A:  I teach Earth Science (11-12) and Environmental Science (10-12) in Ascension Parish at Dutchtown High School. 

Q:  Why is it important to you to teach about Louisiana wetlands, and how does it align with your teaching philosophy?   

A:  It is important to me to teach about our wetlands because they are at the core of who we are as Louisianians. They play such critical roles in our state and we are all impacted by them in one way or another. If students aren’t exposed to the environment that directly surrounds them, they are missing out on so much. I try to engage my students in a variety of ways to keep them interested in the content, and the best way to do that is to immerse them in activities that will get them involved in environmental education about our wetlands. I love being outside as well as sharing my passion and knowledge of the outdoors with my students, and I believe I am making a difference in their lives by getting them excited about our environment. 

Q:  In what ways do you encourage your students to be proactive/involved in environmental stewardship? 

A:  Because of my passion for the outdoors and personal experiences that have given me opportunities to learn more about our wetlands, I think it’s hard for them NOT to be encouraged by what they are learning in and out of my classroom. A lot of my students don’t realize how dire our situation is in Louisiana and want to take action after being in my class. I have had several former students contact me to tell me they changed their majors in college because of being in my class, and that is such a blessing to me to know I had that kind of impact on their lives. 

I am very adamant about recycling in my classroom so they quickly learn not to throw items away that should be recycled. Additionally, we are part of the LSU Coastal Roots Program (we grow native tree species on our campus and plant them in a local BREC park in the Baton Rouge area) which is a great way to get my students involved in being better stewards, and it is really eye-opening to them when they realize how important this work is to the environment. 

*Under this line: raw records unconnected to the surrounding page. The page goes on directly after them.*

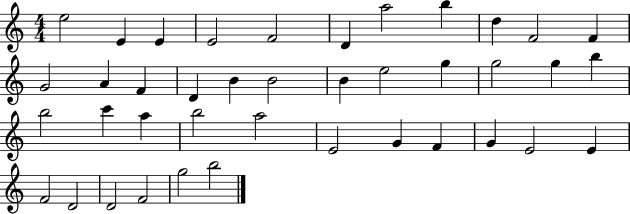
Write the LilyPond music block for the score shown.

{
  \clef treble
  \numericTimeSignature
  \time 4/4
  \key c \major
  e''2 e'4 e'4 | e'2 f'2 | d'4 a''2 b''4 | d''4 f'2 f'4 | \break g'2 a'4 f'4 | d'4 b'4 b'2 | b'4 e''2 g''4 | g''2 g''4 b''4 | \break b''2 c'''4 a''4 | b''2 a''2 | e'2 g'4 f'4 | g'4 e'2 e'4 | \break f'2 d'2 | d'2 f'2 | g''2 b''2 | \bar "|."
}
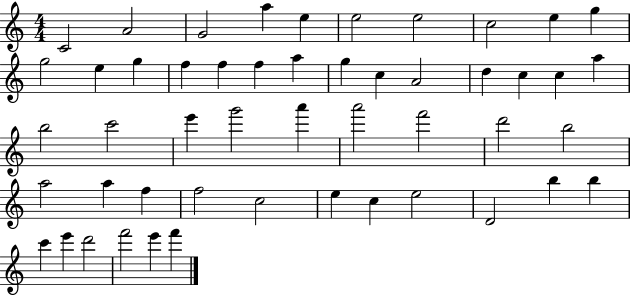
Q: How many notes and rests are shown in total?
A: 50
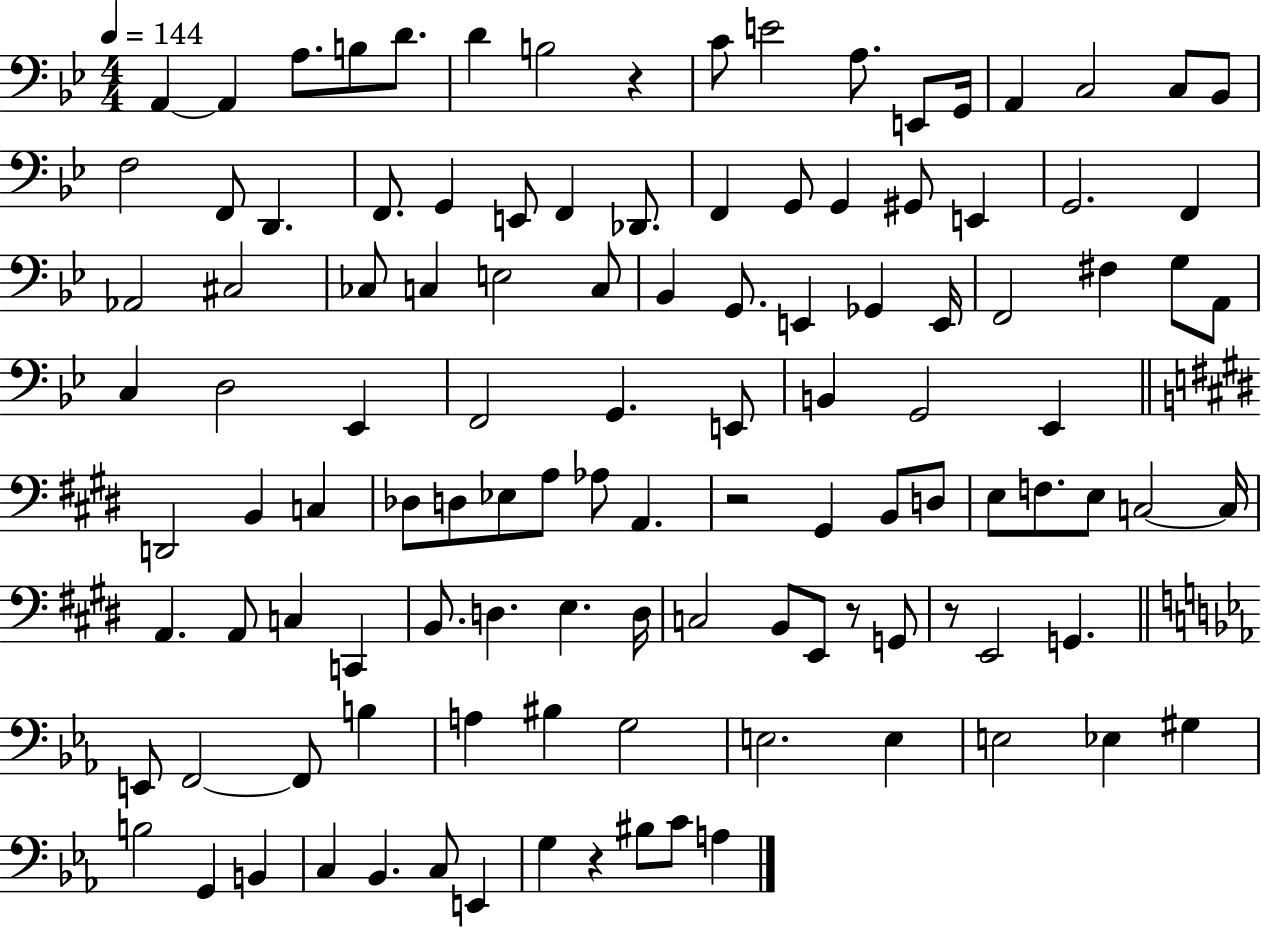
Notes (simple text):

A2/q A2/q A3/e. B3/e D4/e. D4/q B3/h R/q C4/e E4/h A3/e. E2/e G2/s A2/q C3/h C3/e Bb2/e F3/h F2/e D2/q. F2/e. G2/q E2/e F2/q Db2/e. F2/q G2/e G2/q G#2/e E2/q G2/h. F2/q Ab2/h C#3/h CES3/e C3/q E3/h C3/e Bb2/q G2/e. E2/q Gb2/q E2/s F2/h F#3/q G3/e A2/e C3/q D3/h Eb2/q F2/h G2/q. E2/e B2/q G2/h Eb2/q D2/h B2/q C3/q Db3/e D3/e Eb3/e A3/e Ab3/e A2/q. R/h G#2/q B2/e D3/e E3/e F3/e. E3/e C3/h C3/s A2/q. A2/e C3/q C2/q B2/e. D3/q. E3/q. D3/s C3/h B2/e E2/e R/e G2/e R/e E2/h G2/q. E2/e F2/h F2/e B3/q A3/q BIS3/q G3/h E3/h. E3/q E3/h Eb3/q G#3/q B3/h G2/q B2/q C3/q Bb2/q. C3/e E2/q G3/q R/q BIS3/e C4/e A3/q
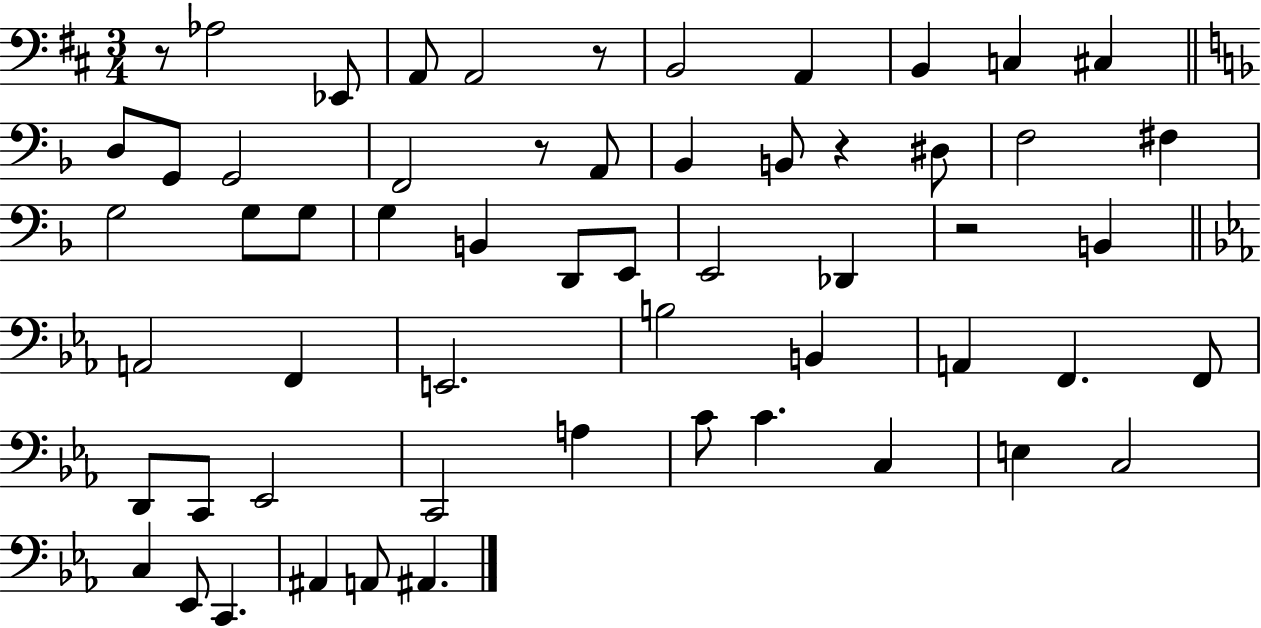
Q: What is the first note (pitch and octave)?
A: Ab3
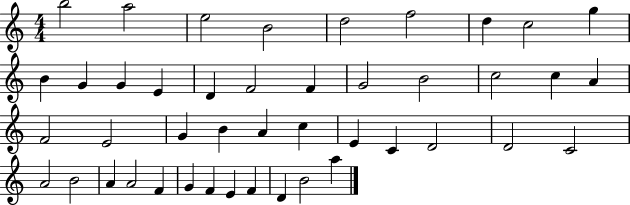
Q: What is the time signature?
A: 4/4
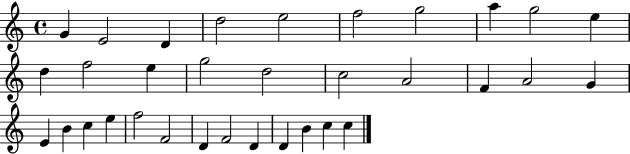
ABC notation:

X:1
T:Untitled
M:4/4
L:1/4
K:C
G E2 D d2 e2 f2 g2 a g2 e d f2 e g2 d2 c2 A2 F A2 G E B c e f2 F2 D F2 D D B c c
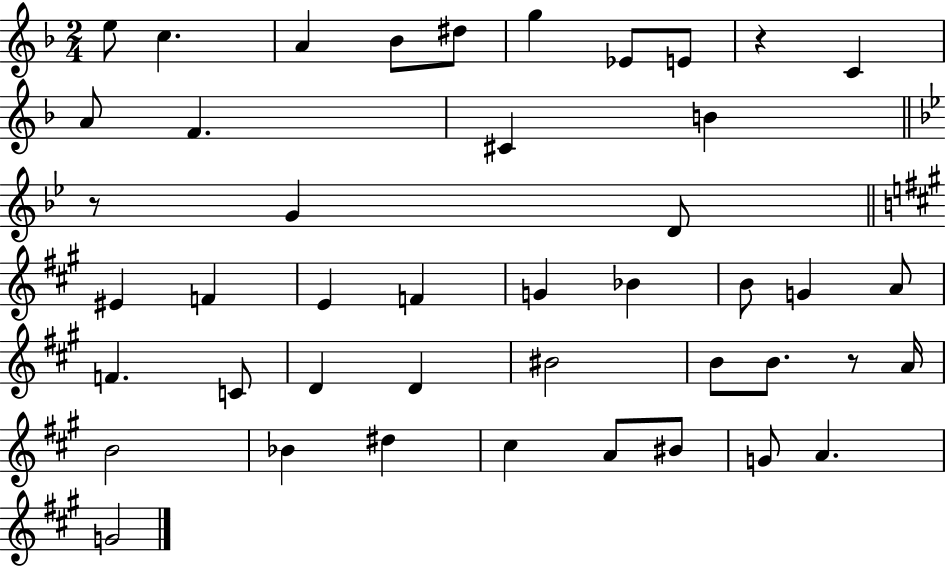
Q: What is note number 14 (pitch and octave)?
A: G4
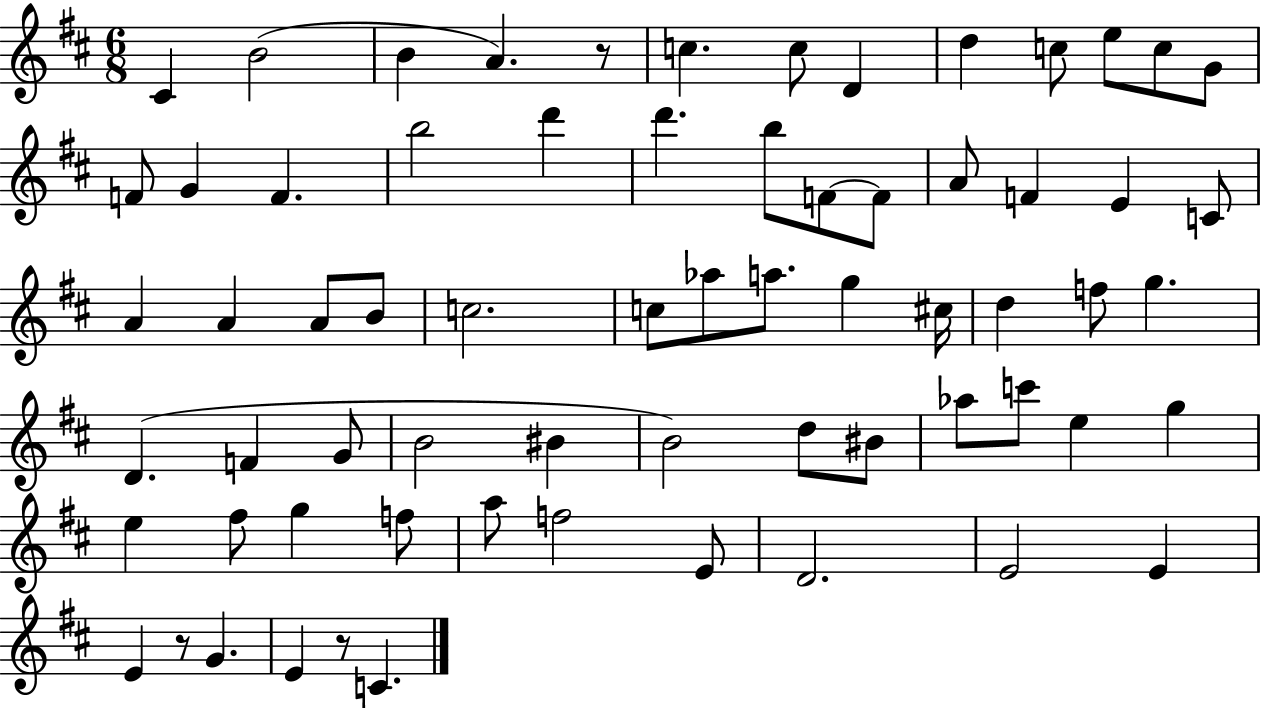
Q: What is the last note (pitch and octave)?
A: C4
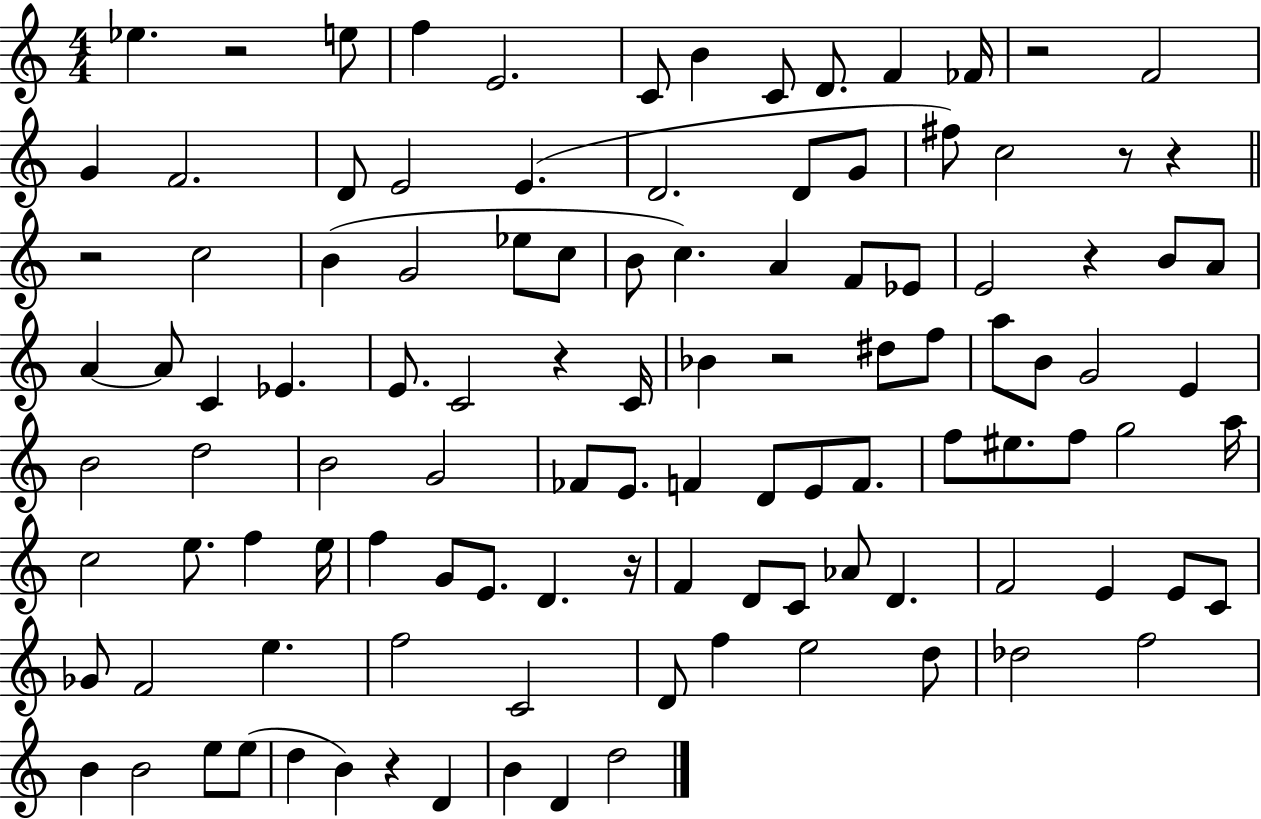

Q: Describe your favorite lesson/activity that you use in your classroom to teach about Louisiana  wetlands.   

A:  This is a tough one because I have had so many amazing experiences doing various workshops around our state, and I am able to take all of that information back to my classroom to share with my students. I guess if I had to pick one though it would probably have to do with water quality testing on campus and mapping stream/river pathways using the USGS Streamer website. The combination of these activities is a great way to show students the impacts they can directly have on our wetlands if they are not careful about how they dispose of their trash. My students made story maps about our local waterways and the pollutants that are found in them. I used this activity as my capstone project for my National Geographic Educator Certification two years ago and won a national award for the ESRI Teacher Challenge on how I use GIS in my classroom last year. It was very rewarding for me to see how much they appreciated this activity because it truly opened their eyes to issues going on around us in our part of the state. 

Q:  What would you say to a student who is hesitant or not interested in participating in a lesson about  Louisiana wetlands? 

A: I would tell them to take the time to experience being in one of our many wetlands throughout the state. I would hope they would come back to tell me how enjoyable it was or what a great learning experience it was. I might ask them a series of questions like “Do you enjoy hunting or fishing? Do you enjoy birdwatching? Do you enjoy nature photography? Do you enjoy eating Louisiana seafood? Do you enjoy recreational activities throughout our state?” If they answer “Yes” to any of these questions, then they have a connection to our wetlands. Making the content relevant to their lives is critical to keeping them interested, engaged, and motivated to be better environmental stewards.